The answer must be an exact copy of the lines from the one with "3 bedroom detached house to rent - Photo 2" to the last line of the entries below, both included, and must contain no pictures.

§ **Image-text web data**:
---*---
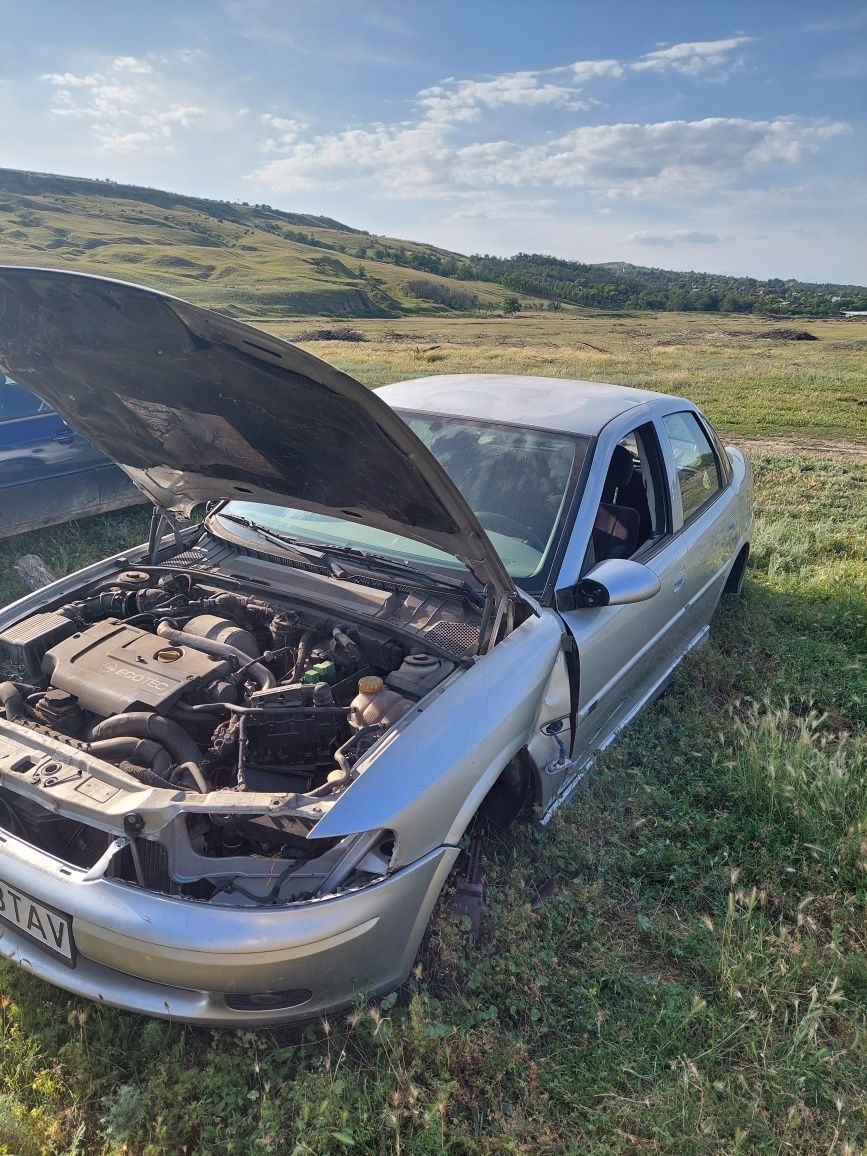 Vând Opel Vectra 2.2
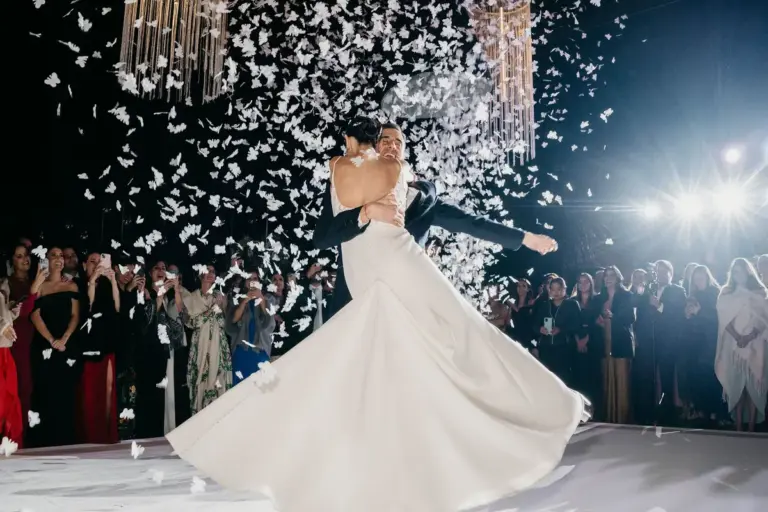 Recepción y primer baile de la boda en Complejo Aura, León, Guanajuato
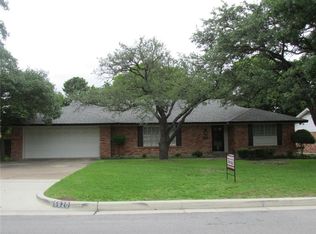 5820 Wimbleton Way, Fort Worth, TX 76133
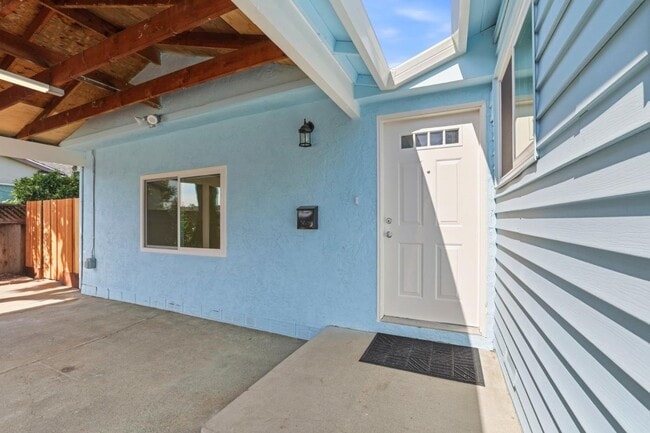 Building Photo - 1861 Nelson Dr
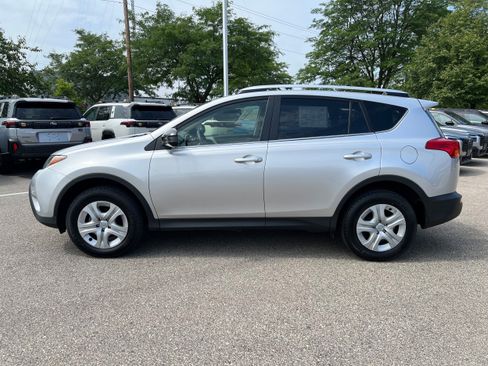 Used 2015 Toyota RAV4 LE AWD/4WD image 4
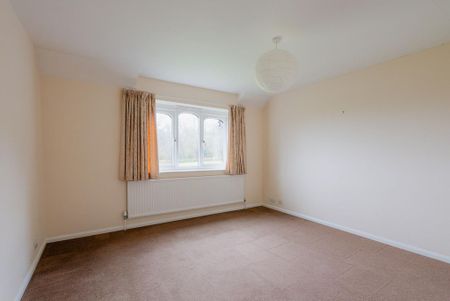3 bedroom detached house to rent - Photo 2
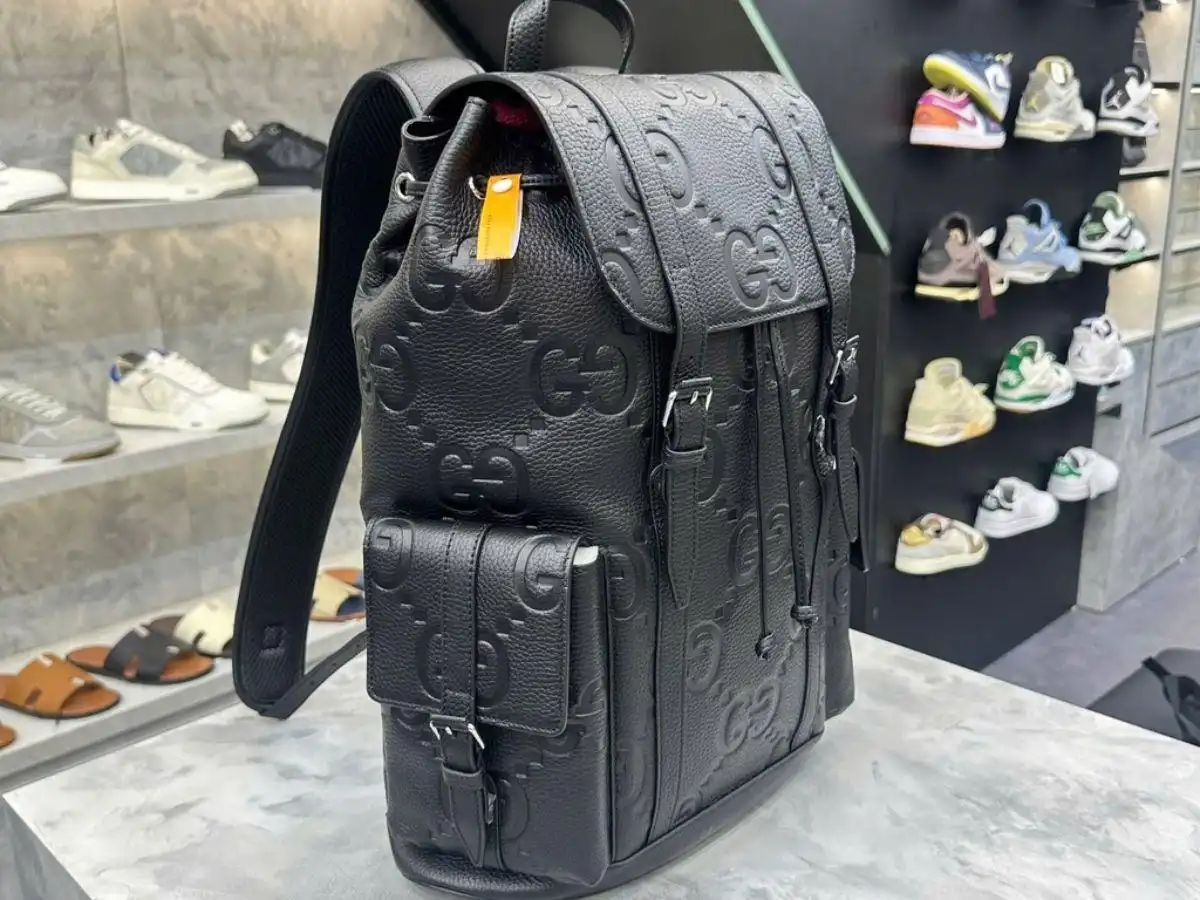 Balo Gucci đựng được nhiều đồ mà vẫn giữ được vẻ ngoài thời thượng Balo Gucci đựng được nhiều đồ mà vẫn giữ được vẻ ngoài thời thượng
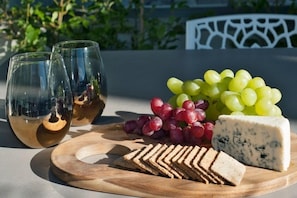 Food and drink - NY-style apt, 2 bed, large sunny terrace, rooftop pool, Auckland City (Auckland CBD)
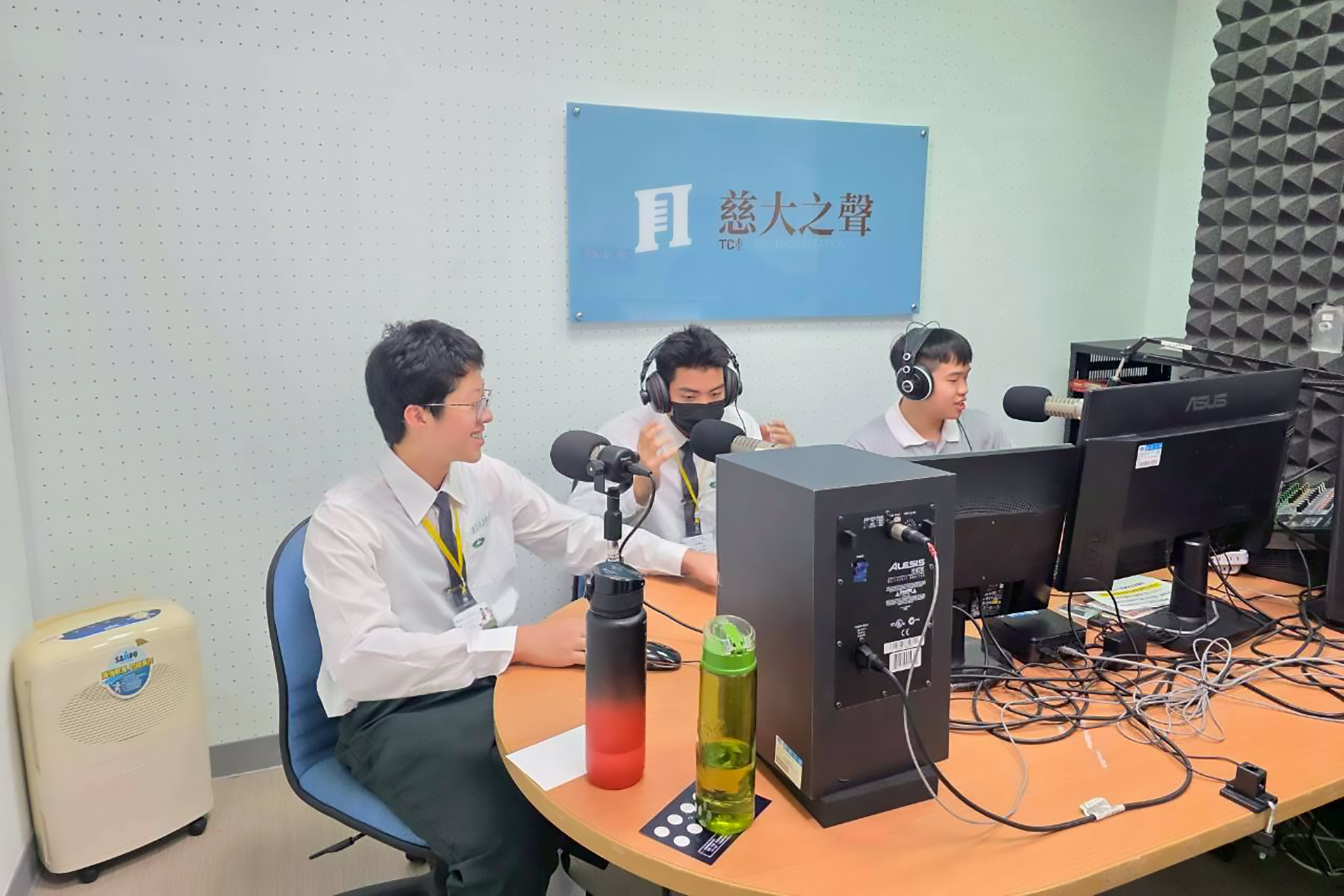 同學在傳播系慈大之聲體驗廣播主持。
---*---
§ **Your response**:
3 bedroom detached house to rent - Photo 2
 Balo Gucci đựng được nhiều đồ mà vẫn giữ được vẻ ngoài thời thượng Balo Gucci đựng được nhiều đồ mà vẫn giữ được vẻ ngoài thời thượng
 Food and drink - NY-style apt, 2 bed, large sunny terrace, rooftop pool, Auckland City (Auckland CBD)
 同學在傳播系慈大之聲體驗廣播主持。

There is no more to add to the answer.